Hierbei handelte es sich um 5 Flurstücke am Münsterlandplatz, auf denen sich damals eine Kleingartenanlage befand. 4 Flurstücke mit ca. 3.900 m2 gingen in das Eigentum der Kirche über, ein weiteres Flurstück mit ca. 1.000 m2 wurde an die Kirche verpachtet.

Beim Freiräumen des Gartenlandes wurden auch Soldaten der NVA eingesetzt. Die Kleingärtner erhielten eine finanzielle Entschädigung und bei Interesse Ersatzland in Neuenhagen bei Berlin.


Der Bau wurde 1977/1978 nach den Plänen des Architektenteams von Erhardt Gißke und unter Leitung des Suhler Bauleiters Günter Hirsch errichtet. [2]


Januar 1978: Beginn des Hochbaus



Januar 1978: Sicht von der zukünftigen Hofseite, im Vordergrund das bereits errichtete Trafohaus.

Das Trafohaus diente später zur eigenen Stromversorgung, insbesondere für die leistungsstarke elektrische Fußbodenheizung.



Anfang 1978: Baustellenbesichtigung mit Stammapostel Streckeisen, rechts Bezirksapostel Pusch

Der damals größte Verhandlungserfolg zwischen der neuapostolischen Kirchenleitung und der DDR war die „freiwillige“ Abgabe des Kirchenlokals in der Normannenstraße und der dafür errichtete Kirchenneubau in der Münsterlandstraße 50, mit rund 1.200 Plätzen in weitaus komfortableren Ausmaßen. Maßgeblich beteiligt beim Bau war das Wachregiment Felix Dzierzynski.

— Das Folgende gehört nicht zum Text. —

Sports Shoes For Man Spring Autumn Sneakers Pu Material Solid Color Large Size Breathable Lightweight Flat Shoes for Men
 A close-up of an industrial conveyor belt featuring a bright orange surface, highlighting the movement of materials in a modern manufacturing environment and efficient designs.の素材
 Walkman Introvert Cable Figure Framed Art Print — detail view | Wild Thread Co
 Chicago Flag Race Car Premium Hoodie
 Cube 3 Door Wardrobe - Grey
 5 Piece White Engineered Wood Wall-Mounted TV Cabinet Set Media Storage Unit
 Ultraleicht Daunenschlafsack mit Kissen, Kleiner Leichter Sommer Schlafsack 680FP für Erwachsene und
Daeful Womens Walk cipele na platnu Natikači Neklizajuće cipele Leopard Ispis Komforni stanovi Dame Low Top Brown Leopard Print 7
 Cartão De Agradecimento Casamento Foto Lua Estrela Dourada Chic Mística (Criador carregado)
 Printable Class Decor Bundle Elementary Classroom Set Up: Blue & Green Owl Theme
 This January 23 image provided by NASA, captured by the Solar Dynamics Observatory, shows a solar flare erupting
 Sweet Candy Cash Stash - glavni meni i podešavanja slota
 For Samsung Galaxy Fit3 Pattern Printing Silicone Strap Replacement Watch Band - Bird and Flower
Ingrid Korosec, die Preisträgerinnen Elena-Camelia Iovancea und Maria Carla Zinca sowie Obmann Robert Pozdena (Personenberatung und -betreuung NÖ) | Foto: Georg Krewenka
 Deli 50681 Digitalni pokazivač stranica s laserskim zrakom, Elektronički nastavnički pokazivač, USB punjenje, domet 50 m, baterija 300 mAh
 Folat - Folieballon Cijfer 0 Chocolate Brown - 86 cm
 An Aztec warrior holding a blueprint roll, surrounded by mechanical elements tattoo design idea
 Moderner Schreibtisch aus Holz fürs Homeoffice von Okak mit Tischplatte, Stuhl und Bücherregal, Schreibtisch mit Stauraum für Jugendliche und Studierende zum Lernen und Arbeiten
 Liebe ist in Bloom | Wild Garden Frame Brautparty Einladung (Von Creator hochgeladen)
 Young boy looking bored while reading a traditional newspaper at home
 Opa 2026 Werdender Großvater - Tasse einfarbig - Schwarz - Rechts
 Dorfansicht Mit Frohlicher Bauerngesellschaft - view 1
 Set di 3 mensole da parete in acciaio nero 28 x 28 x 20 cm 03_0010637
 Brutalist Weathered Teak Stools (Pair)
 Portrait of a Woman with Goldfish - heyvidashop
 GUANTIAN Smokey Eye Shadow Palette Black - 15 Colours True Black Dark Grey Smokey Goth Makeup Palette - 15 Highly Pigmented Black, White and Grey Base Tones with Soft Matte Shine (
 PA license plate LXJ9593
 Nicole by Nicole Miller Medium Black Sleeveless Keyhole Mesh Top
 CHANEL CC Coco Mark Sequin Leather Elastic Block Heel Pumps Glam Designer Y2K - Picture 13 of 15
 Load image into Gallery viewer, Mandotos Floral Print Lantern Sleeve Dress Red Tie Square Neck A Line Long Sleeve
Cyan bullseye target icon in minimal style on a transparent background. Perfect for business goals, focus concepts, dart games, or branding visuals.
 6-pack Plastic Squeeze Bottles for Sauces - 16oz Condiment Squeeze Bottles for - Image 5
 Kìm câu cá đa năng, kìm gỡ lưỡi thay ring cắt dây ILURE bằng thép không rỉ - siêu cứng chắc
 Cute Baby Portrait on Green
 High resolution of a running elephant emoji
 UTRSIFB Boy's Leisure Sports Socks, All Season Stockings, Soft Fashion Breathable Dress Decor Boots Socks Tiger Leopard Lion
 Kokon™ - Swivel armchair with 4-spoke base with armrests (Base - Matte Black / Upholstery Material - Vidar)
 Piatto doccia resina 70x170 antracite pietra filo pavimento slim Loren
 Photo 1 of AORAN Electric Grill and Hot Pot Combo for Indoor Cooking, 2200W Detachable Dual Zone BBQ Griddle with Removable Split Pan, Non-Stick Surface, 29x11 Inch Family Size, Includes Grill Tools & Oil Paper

Es war eine schwere Geburt, bis die ersten Bauarbeiter anrücken konnten und Projektbegleiter könnten sicher ein Buch schreiben, wie auch dicke Akten bei der BStU belegen.

Wie man einem Brief von Bezirksapostel Pusch an den Stammapostel vom 27. November 1978 entnehmen kann, machte die DDR-Staatsführung nachhaltig geltend, dass der Kirche im Vergleich zur alten Bausubstanz ein Wertzuwachs von rund 8 Mio. Mark zuflösse.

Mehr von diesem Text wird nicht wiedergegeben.